I sondaggi pubblicati nelle ultime ore dicono che non si potrà prescindere da Yisrael Beitenu che, se si votasse oggi, passerebbe dai cinque seggi conquistati il 9 aprile a nove seggi. Gli altri partiti della destra si fermerebbero tutti insieme a 57 seggi e avranno bisogno dell’appoggio di Yisrael Beitenu per formare una maggioranza. Il sogno di Netanyahu di disfarsi di Lieberman non sembra realizzabile. I partiti ora cercano nuove alleanze capaci di spostare dalla loro parte una porzione degli elettori. Il Likud, il partito di Netanyahu, ha già assorbito il centrista Kulanu (4 seggi).

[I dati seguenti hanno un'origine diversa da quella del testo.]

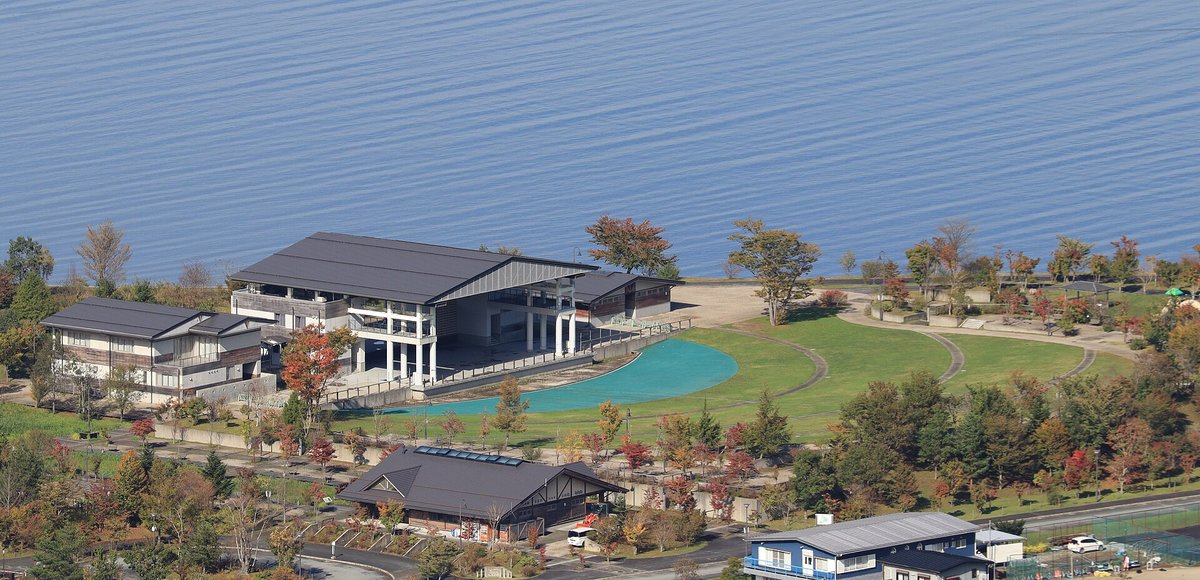 從山上俯瞰山中湖交流プラザきらら:湖邊幾棟深灰屋頂的建築、一片藍綠色的淺水池和弧形草坪步道,草坪外緣是淺色沙灘,上半部整片是湖面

Sull’altro versante, il centrosinistra e i partiti arabi non andrebbero oltre i 58 seggi e pertanto il laburista Avi Gabbay, il cui partito è precipitato a 6 seggi il 9 aprile, ora parla di fusione con il Meretz (sinistra sionista) oppure con Blu e Bianco, il principale partito d’opposizione guidato dall’ex capo di stato maggiore Benny Gantz. Dovrebbero unirsi anche i partiti arabi, consapevoli di aver commesso un grave errore a presentarsi separati alle ultime elezioni. Ma il loro primo obiettivo sarà quello di convincere l’elettorato palestinese in Israele ad andare alle urne, vista la bassa affluenza registrata due mesi fa nei centri abitati arabi. L’Autorità Palestinese resta in silenzio, non commenta il fallimento di Netanyahu. Però a Ramallah sorridono. Dopo la delusione per la schiacciante affermazione elettorale ottenuta dalla destra israeliana due mesi fa, il presidente palestinese Abu Mazen si augura un risultato diverso a settembre. E spera che il tonfo di Netanyahu congeli anche il piano “di pace” americano, apertamente contestato dai palestinesi.

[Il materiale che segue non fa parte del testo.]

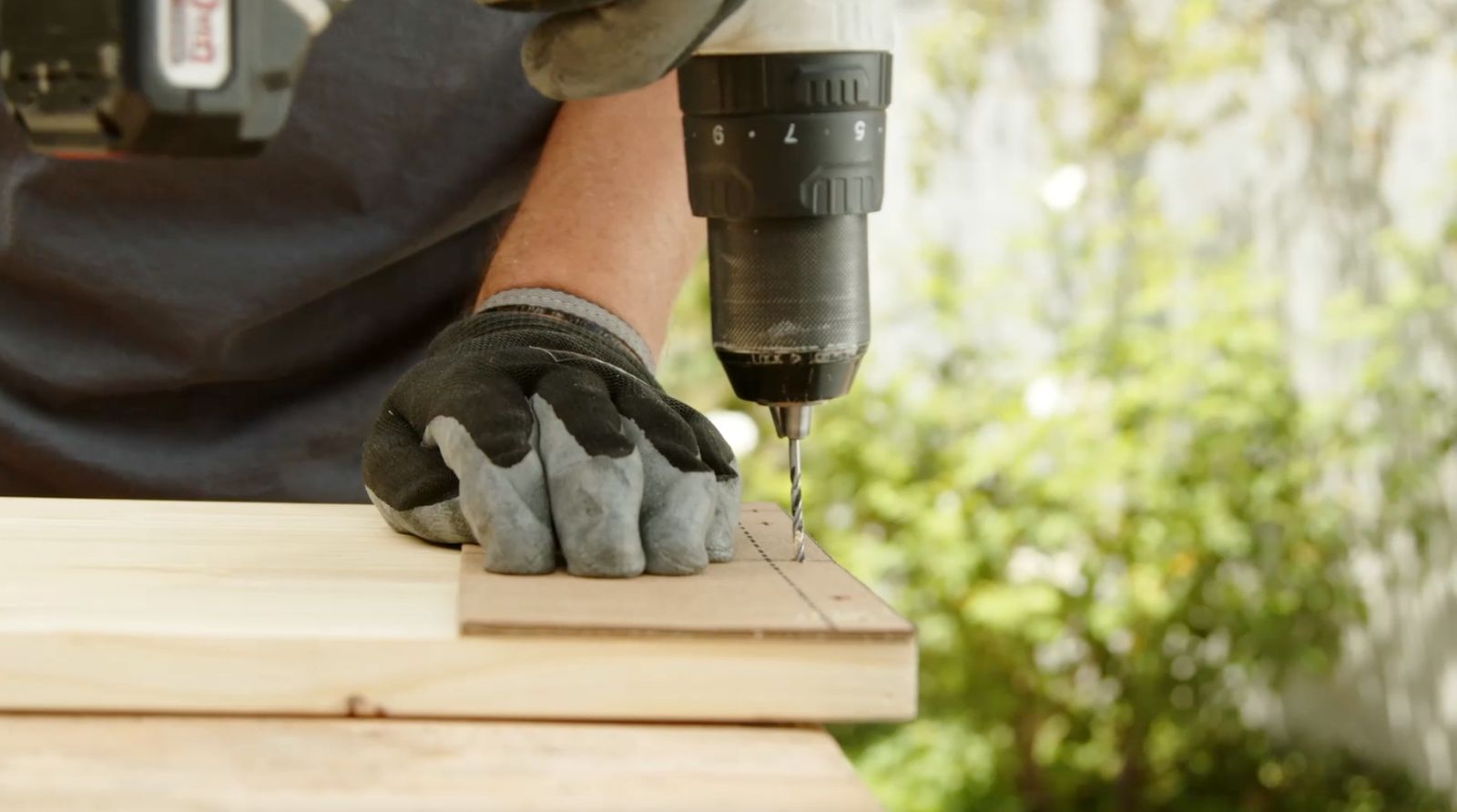 una persona perfora el borde de un trozo de madera laminada usando una plantilla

Intanto si allunga la striscia di sangue palestinese. Ieri due adolescenti sono stati uccisi dal fuoco dei militari israeliani. Abdullah Gheit, 16 anni è stato colpito a morte a Mazmouriya, tra Betlemme e Gerusalemme, mentre tentava, senza permesso, di raggiungere la Spianata di al Aqsa per la preghiera dell’ultimo venerdì di Ramadan. Un altro palestinese, un 19enne, è stato ucciso nella città vecchia di Gerusalemme dopo aver, secondo la polizia, tentato di accoltellare due israeliani. A Gaza, almeno 17 palestinesi sono stati feriti dall’esercito durante le manifestazioni della Grande Marcia del Ritorno.